Guilvout I, Brier S, Chami M, Hourdel V, Francetic O, Pugsley AP, Chamot-Rooke J, Huysmans GH

Link to Pubmed [PMID] – 27903652

Link to DOI – 10.1074/jbc.M116.759498

J Biol Chem 2017 Jan; 292(1): 328-338

Members of a group of multimeric secretion pores that assemble independently of any known membrane-embedded insertase in Gram-negative bacteria fold into a prepore before membrane-insertion occurs. The mechanisms and the energetics that drive the folding of these proteins are poorly understood. Here, equilibrium unfolding and hydrogen/deuterium exchange monitored by mass spectrometry indicated that a loss of 4-5 kJ/mol/protomer in the N3 domain that is peripheral to the membrane-spanning C domain in the dodecameric secretin PulD, the founding member of this class, prevents pore formation by destabilizing the prepore into a poorly structured dodecamer as visualized by electron microscopy.
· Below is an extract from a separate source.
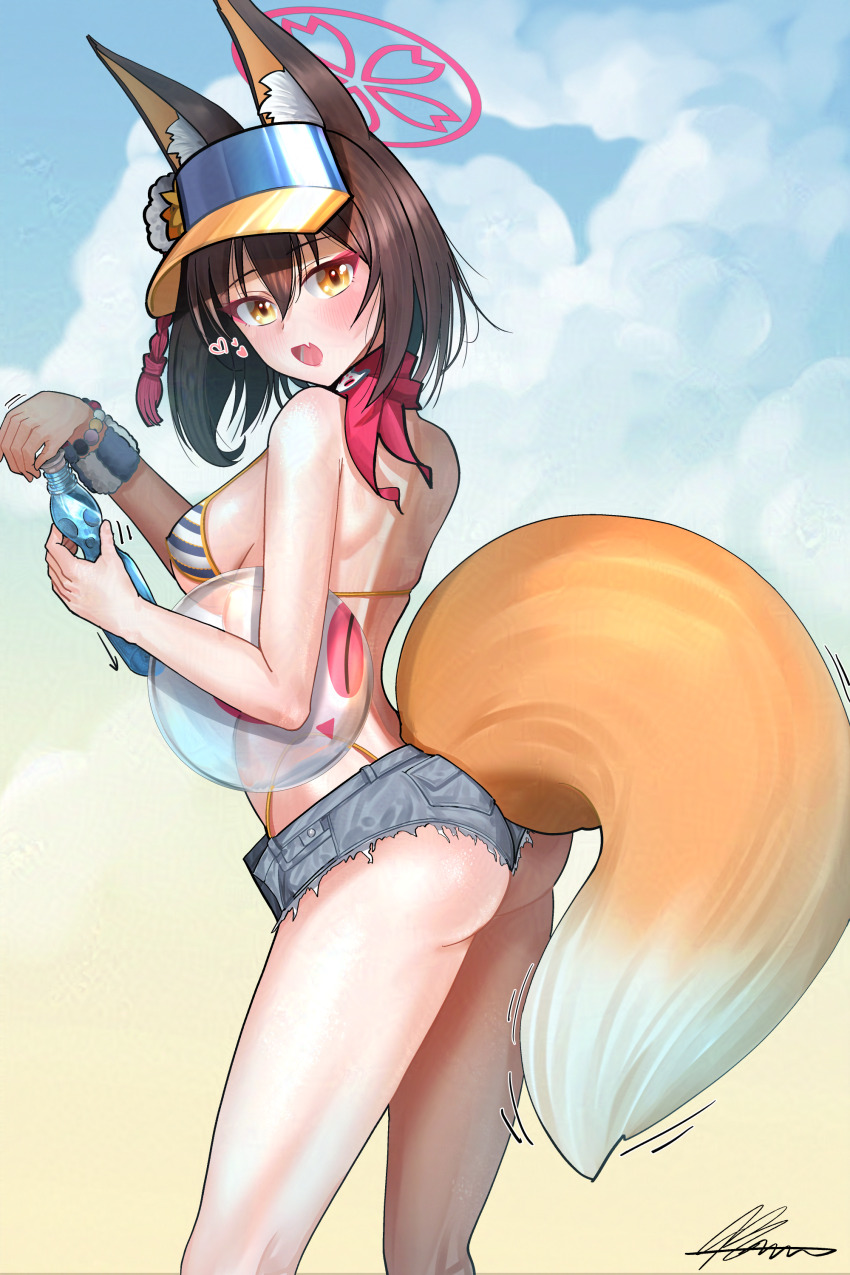 1girl absurdres animal_ears ass ball bare_shoulders beachball bikini blue_archive brown_hair denim denim_shorts fox_ears fox_tail halo highres holding holding_ball holding_beachball izuna_(blue_archive) izuna_(swimsuit)_(blue_archive) medium_hair pink_halo ramune short_shorts shorts solharuu solo striped_bikini striped_clothes swimsuit tail thighs visor_cap yellow_eyes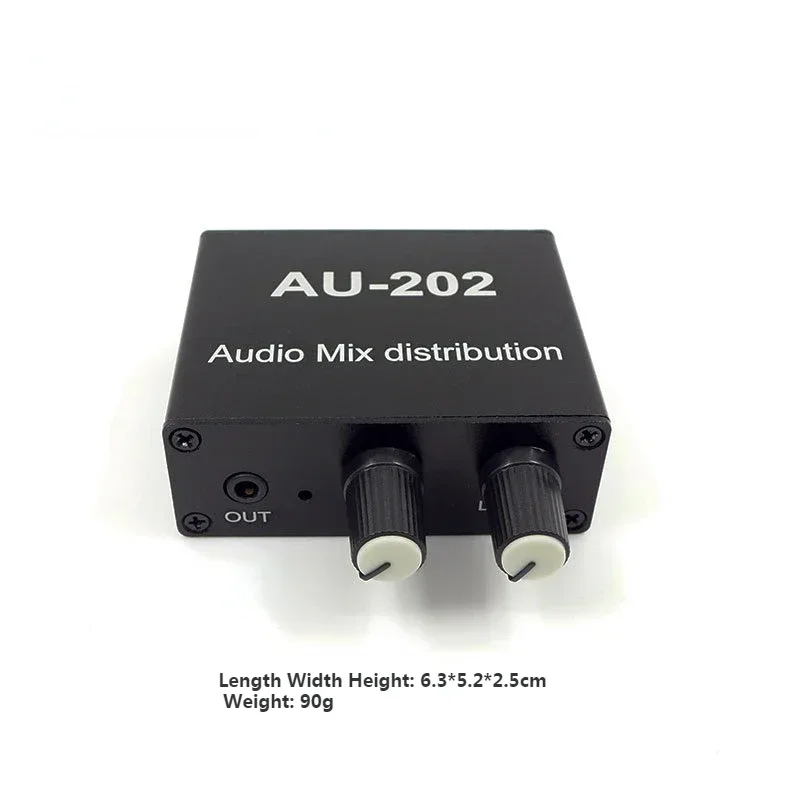 2 Input 2 Output Stereo Audio Mixer Distributor Separator Spliter DC 5-24V 3.5mm Sound Mixer for Power Amplifier Volume Control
Formation of native PulD-multimers by mixing protomers that differ in N3 domain stability, suggested that the N3 domain forms a thermodynamic seal onto the prepore. This highlights the role of modest free energy changes in the folding of pre-integration forms of a hyperstable outer membrane complex and reveals a key driving force for assembly independently of the β-barrel assembly machinery.